Councilwoman Julie Lofstad, who won a special election in 2016 and won her first full term in 2017, confirmed this week that she would not seek a new term.
Ms. Lofstad, who said she “loves public service,” said she was stepping down for personal reasons.
Justice Deborah Kooperstein, who was first elected in 1993, said she would not seek an eighth term and instead return to her private law practice.
Highway Superintendent Alex Gregor, an Independence Party member who has received Democratic backing in the past, will not seek a fourth four-year term. Mr. Gregor, who has frequently clashed with Supervisor Jay Schneiderman, ran a primary on the Independence Party line against the supervisor in 2019, effectively ending his relationship with the Democratic Party.
Democratic Committee Chairman Gordon Herr said screenings would be completed in the next week or so. He declined to speculate as to who would fill the party’s vacancies.
Other Democrats, who have spoken on condition of anonymity, have said Robin Long, an attorney with a Southampton Village law practice who lives in Hampton Bays, is considered a front-runner for Ms. Lofstad’s seat. A member of the Town Planning Board, Ms. Long declined to comment this week.
Republican Chairman David Betts was also close-lipped, saying that the party planned to hold its convention on Wednesday, February 3, and would announce its slate of candidates afterward.
“We are still processing things,” he said. “I don’t like to speculate because things can change at a moment’s notice.”
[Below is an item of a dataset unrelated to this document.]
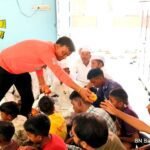 अल्पसंख्यक विभाग के प्रदेश अध्यक्ष आबिद कागजी के जन्मदिन पर बाल संरक्षण इकाई में हुए कार्यक्रम बच्चों के संग bn news sfi bd amin g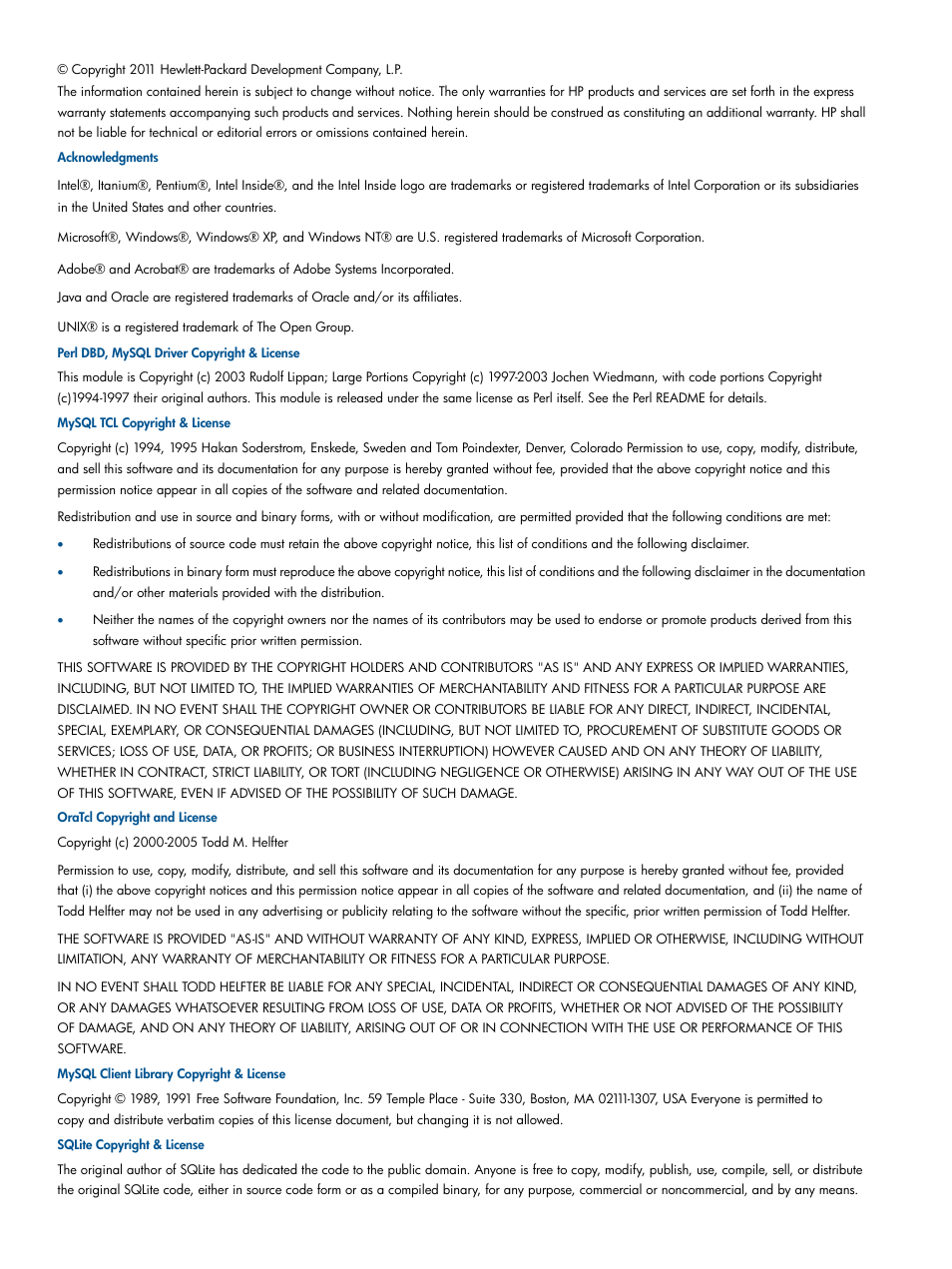 HP 3PAR System Reporter Software User Manual | Page 2 / 224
While the name of Cynthia McNamara, an East Quogue resident who took part in an effort to incorporate the hamlet as a village two years, has been mentioned as a possible Town Board candidate, she could not be reached for comment.
Several sources, requesting anonymity, have said a move is afoot to unseat Justice Barbara Wilson, who has served on the bench since 1997 and typically is cross-endorsed by the major parties. Ms. Wilson said she had not heard of the attempt to replace her. “I’m still screening and I hope to get the endorsements,” she said.
The sources have said the Democrats and Republicans would strike a deal that would have them cross-endorse a candidate from each party to fill the two openings on the Justice Court. Democrat Adam Grossman, an attorney and the chairman of the Town Zoning Board of Appeals, and Republican attorney Pat Gunn, who lost to Justice Karen Sartain in a special election last fall, have been mentioned as the possible candidates.
All five Town Trustee seats are up for grabs this year, with Democrats holding a 3-2 majority with Eric Shultz, Bill Pell, and Ann Welker expected to seek reelection along with Republicans Ed Warner Jr. and Scott Horowitz.